No es un gesto menor. Fabric no es un nombre que se pega en un cartel para dar credibilidad: es el club que sobrevivió a la revocación de su licencia en 2016, a una campaña pública para reabrir, y a una década en la que la economía nocturna de Londres ha ido exprimiendo salas una tras otra. Cuando un promotor cede una jornada entera de programación al fabric, está admitiendo que el oído del club y su elenco de residentes valen más que un simple hueco para un invitado.
¿Por qué importa más que el fabric programe a que el fabric toque?
Junction 2 ya conocía al fabric. El club gestionó un escenario en el festival el año pasado y ha musicalizado sus after parties en las últimas temporadas, según el propio anuncio del fabric. Programar toda la jornada de apertura es el siguiente paso: el fabric elige la sala, no solo llena un hueco en el cartel de otro. El cartel del 25 de julio reúne a Nina Kraviz, Jeff Mills y Marcel Dettmann b2b DJ Hell, junto al residente Francesco Del Garda, incorporado formalmente al roster de residentes del club solo este año. Una programación construida sobre la reputación del club por un sonido sin concesiones, trasladada al aire libre.
¿Qué tiene que ver el viaducto de la M4 en todo esto?
La identidad entera de Junction 2 es el hormigón. La edición 2026 se centra en dos espacios: The Bridge, una pista de baile industrial al aire libre justo bajo el viaducto de la autopista M4, y The Woods, un escenario en el bosque para un sonido más íntimo e inmersivo. Dreamrec, el colectivo de producción visual cuyo espectáculo itinerante es ya un fijo en los escenarios internacionales del fabric, ha reimaginado ese espectáculo específicamente para este formato al aire libre, la primera vez bajo la propia bandera del club en su terreno londinense.

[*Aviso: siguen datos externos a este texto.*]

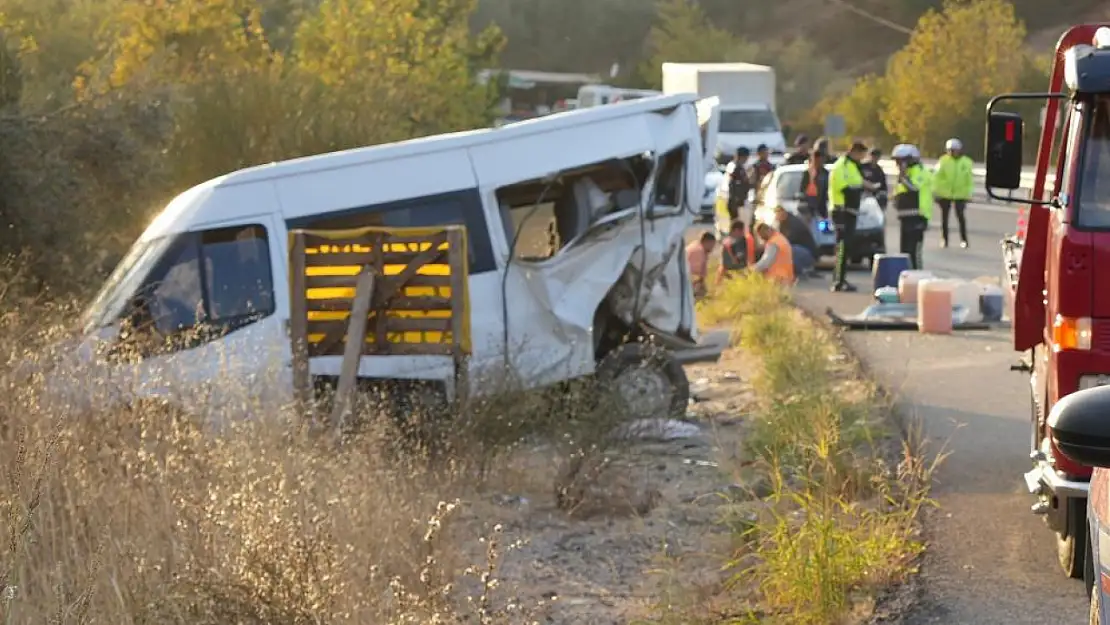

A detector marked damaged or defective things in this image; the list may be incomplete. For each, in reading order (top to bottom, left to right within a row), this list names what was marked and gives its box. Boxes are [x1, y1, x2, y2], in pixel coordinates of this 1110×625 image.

crashed vehicle [63, 92, 720, 422]
shattered window [496, 158, 652, 264]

«Un espacio conocido por su sonido sin concesiones y su atmósfera singular», describe el fabric en su propio anuncio de la colaboración, sobre el viaducto.
El festival presenta este formato como un regreso a sus fundamentos: más pequeño, más concentrado, construido en torno al sonido y la permanencia en lugar del número de cabezas de cartel. Ceder la jornada de apertura a un club fundador es una forma extraña de encogerse y crecer a la vez, pero es la apuesta de Junction 2 para sus diez años.
Por qué importa: Que un festival confíe en un solo club para programar una jornada entera, en lugar de reservar un escenario, señala un cambio en cómo los eventos techno británicos construyen credibilidad, apoyándose en instituciones con historia real de escena en lugar de cabezas de cartel pensadas para el algoritmo.
Lo que pensamos: El fabric se lo ha ganado. Un club que sobrevivió a un cierre y ha mantenido intactos a sus residentes durante una década tiene más legitimidad para programar una jornada que la mayoría de agencias para reservar un festival. Habrá que ver si otros festivales británicos siguen el ejemplo y empiezan a externalizar una jornada a las salas que realmente forjaron su sonido.